Mr. Coates stated that chefs Peter Cook and Jeff Trujillo are skilled and trained to delight you with their magic in the kitchen, the notable dishes are; Bison rib eye, tweeds bison, always fresh seafood, one pound burgers at night, Bison burgers, local duck, and Asian tuna salad. They do outside catering through the entity of Dark Horse Catering, just recently doing an event for Hillary and Bill Clinton. Besides the entire historical ambiance that reminds one of the Queen Victoria Bar in Cody Wyoming, once actually owned by Buffalo Bill, Tweeds also has the wonderful Andrew Wargo on the piano. Tweeds present live jazz on Friday and Saturday evenings and American standards on Sunday.
The establishment is named after New York City’s notorious Boss Tweed, the flamboyant political leader of that city during the 19 century. The bar was once Governor Al Smith’s unofficial political headquarters. It still serves as an unofficial political clubhouse for county officials, including judges, people from the D.A.’s offices, Riverhead town official, and State Sen. Ken LaValle. Deals are done over bison burgers, and beers at the bar or on the wonderful private and elegant tables all under the eyes the mounted bison head high up on the wall. In the front of the tavern is a stone marker engraved and placed there by no one other than Benjamin Franklin himself in the 1750s to part a mailing route to Orient.

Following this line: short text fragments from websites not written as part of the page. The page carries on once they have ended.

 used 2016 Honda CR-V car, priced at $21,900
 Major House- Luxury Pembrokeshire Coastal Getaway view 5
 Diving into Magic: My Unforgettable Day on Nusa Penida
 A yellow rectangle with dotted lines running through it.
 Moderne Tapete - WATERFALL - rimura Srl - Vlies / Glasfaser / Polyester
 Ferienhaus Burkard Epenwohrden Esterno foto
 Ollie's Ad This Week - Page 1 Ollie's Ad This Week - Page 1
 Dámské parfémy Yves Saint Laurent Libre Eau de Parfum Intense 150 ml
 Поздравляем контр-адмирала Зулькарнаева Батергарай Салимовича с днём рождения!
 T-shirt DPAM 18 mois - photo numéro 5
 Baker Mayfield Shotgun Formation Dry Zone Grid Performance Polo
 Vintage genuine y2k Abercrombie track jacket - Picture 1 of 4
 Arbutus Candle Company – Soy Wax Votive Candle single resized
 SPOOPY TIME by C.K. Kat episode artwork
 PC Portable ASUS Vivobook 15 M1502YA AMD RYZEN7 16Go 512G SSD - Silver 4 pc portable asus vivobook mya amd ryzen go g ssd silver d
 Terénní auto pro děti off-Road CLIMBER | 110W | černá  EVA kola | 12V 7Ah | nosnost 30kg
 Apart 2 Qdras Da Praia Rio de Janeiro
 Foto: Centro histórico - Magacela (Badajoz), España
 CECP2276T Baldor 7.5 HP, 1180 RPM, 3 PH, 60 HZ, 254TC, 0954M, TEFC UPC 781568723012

When I went there my mission was to have my first Bison rib eye. Brian Miller my waiter recommended medium rare as did Ed Tuccio himself. Along with date Cindi Samone-Braf (who now is my wife), we excitedly anticipated our first taste of this American classic. It was sensational!
Cindi smiled and said, “Now you know why the Indians hunted the Buffalo, they knew it tasted this good.”
We left nothing for the dog. After sharing a wonderful carrot cake desert and a few sips of coffee we stayed and enjoyed just being in Tweeds. The place is just so comfortable in every way. It is quaint Americana in the authentic. It is soothing just to be inside. Ed Tuccio somehow has recaptured the feeling of small town big time hotel eating, as if you are having your first good meal after a long stage coach ride across the great plains. Cindi said, “It’s like a time machine, as if you back into time.”
The Victorian chandeliers, the authentic stained glass, the mahogany and marble bar constructed for the 1893 world’s fair in Chicago, along with the last Bison hunted by Teddy Roosevelt in the Dakota “Badlands.” The oak mantled fireplace yearns for your attention. Priced smartly so that one can bring the whole family, many do. With parking easily available in the municipal parking lot in the rear of the hotel and restaurant, it is also available on the street in front.
Tweeds is located in the heart of the Riverhead Historic District with the actual address being 17 East Main Street, near where Route 24 runs into Riverhead's Main Street. Through Tweeds outdoor special occasions can be catered that are held at North Quarter Farm where 85 buffalo roam the 2-acre farm. It may be noted that the bar is itself a work of art and it is a great place for a date or to meet the buddies and gals or to just go watch a ball game. More often than not end will be there making sure everything in his place is up to his high standards.
If Boss Tweed was alive today he would never leave this place, that for sure.